Financial services under fire: How overconfidence in security could be undermining ransomware mitigation

Financial services firms play a unique role in society, which makes them an attractive target for ransomware. As providers of critical national infrastructure (CNI), there’s tremendous pressure to ensure any service disruptions are avoided or kept to an absolute minimum. That might force business leaders to accede to ransom demands, threat actors reason. These organisations are also the custodians of highly regulated personal and financial information, which can provider further leverage for extorters if stolen.

From the US to Zambia, financial institutions have been finding out the hard way that the sector is increasingly in the crosshairs of a growing group of profit-driven criminal gangs. But how high are awareness levels? And is this translating into stronger security posture?

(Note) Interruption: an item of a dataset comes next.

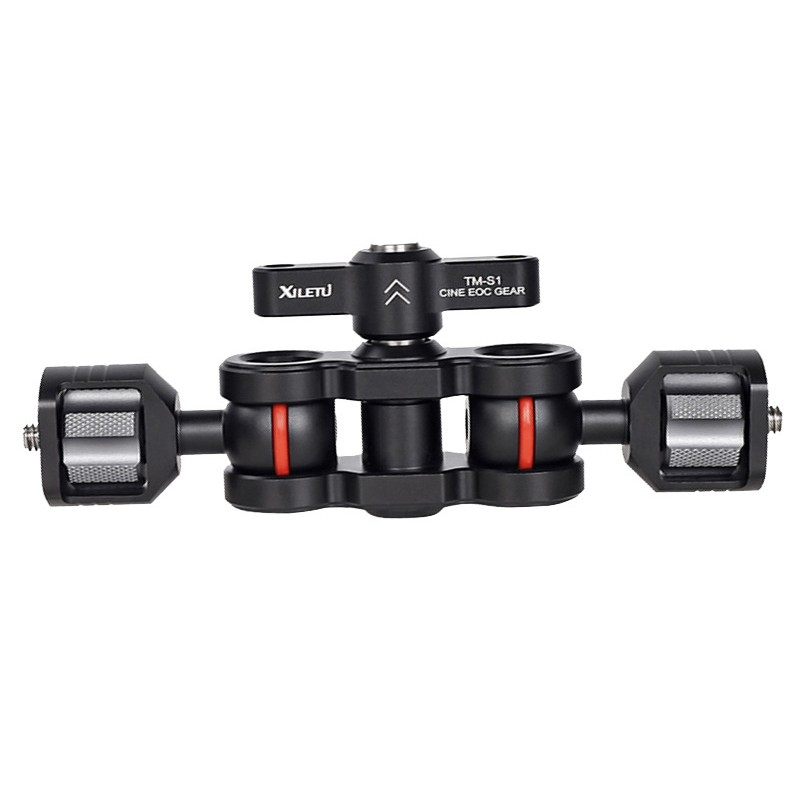Photography Lighting Rig - Double Ball Head Camera Magics Arm,
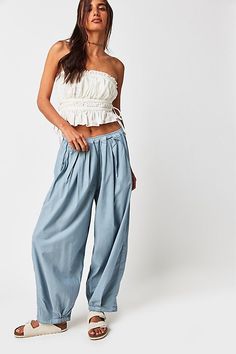 Parachute Trousers, Parachute Pant, Free People Leggings, Cheetah Print Leggings, Free People Romper, Slouchy Pants, Boho Jeans, Maxi Romper, Wrap Romper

To find out more, Trend Micro commissioned Sapio Research to poll 355 financial services IT and business leaders from across the globe.

In the crosshairs

Nearly three-quarters (72%) of global financial services firms have been compromised by ransomware at least once over the past three years, according to our research. The vast majority (87%) of these had their data encrypted and leaked (83%) as part of extortion attempts – the latter figure significantly higher than the 74% average across all sectors. Most (92%) also had operations impacted by the compromise, which took days (53%) or weeks (21%) to fully resolve.

That’s testament to the increasingly attractive target the sector represents to financially motivated cyber-criminals. Respondents agree, with 79% of them arguing financial services is a more popular target than other verticals, much higher than the 67% average across sectors. Perhaps unsurprisingly given their experience of previous breaches, 87% think they’re a target going forward, more than any other sector.

A false sense of security

With this kind of awareness about the scale of the threat, and of previous experience on the receiving end of ransomware attacks, it could be assumed that financial services leaders are laser-focused on mitigating cyber risk. In fact, the majority (75%) we spoke to believe their organisation is already adequately protected. That’s the most of any vertical polled for this study and significantly higher than the average (63%) across sectors.

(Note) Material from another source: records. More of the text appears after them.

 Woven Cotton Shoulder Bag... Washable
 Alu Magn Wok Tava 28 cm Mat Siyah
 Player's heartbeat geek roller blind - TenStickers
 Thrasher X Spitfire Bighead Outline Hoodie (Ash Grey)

Is this confidence justified? In some respects, yes. Financial services respondents seem to be following best practices to mitigate risk across the main threat vectors for ransomware: phishing, vulnerability exploitation and RDP compromise. To that end, 99% say they regularly patch externally facing servers, 94% have controls in place restricting email attachments, and 92% protect remote desktop protocol (RDP) endpoints.

However, in other respects, security strategy is still lacking. Whilst high, use of network and endpoint detection and response (NDR/EDR) and extended detection and response (XDR) tooling is certainly not ubiquitous. Half (49%) of respondents don’t use XDR, 40% don’t have NDR in place and 39% haven’t deployed EDR. That’s a major oversight in a world in which threat actors are increasingly capable of breaching perimeter defences, or outsourcing the work completely to initial access brokers (IABs).

The number of respondents capable of detecting data exfiltration (57%), initial access (44%) and lateral movement (33%) is also disappointingly low.

Tackling supply chain risk

Financial services firms are also exposed by their third-party business relationships. Over half (56%) say a supplier has been compromised by ransomware in the past, most of which were partners (56%) and subsidiaries (29%). A similar number (52%) say their customers and suppliers (54%) make them a more attractive target. The risk of threat actors “island hopping” from these third parties into financial service providers’ networks is real.

An additional concern is that most (52%) respondents have a “significant” number of suppliers that are SMBs, who may have fewer resources to spend on cybersecurity. They could improve the security posture of the entire ecosystem by sharing more threat intelligence with these parties, but many don’t do so with partners (24%) or suppliers (38%).

It’s clear that financial services organisations are on the right track to improving resilience against ransomware. But many lack the critical detection and response capabilities that sound the alarm about suspicious behaviour inside the network. With such tools in place, organisations would get a crucial head start on their adversaries, and be able to contain risk before it spreads. Even better, they’d also have the intelligence to share with and improve the security of the entire supply chain.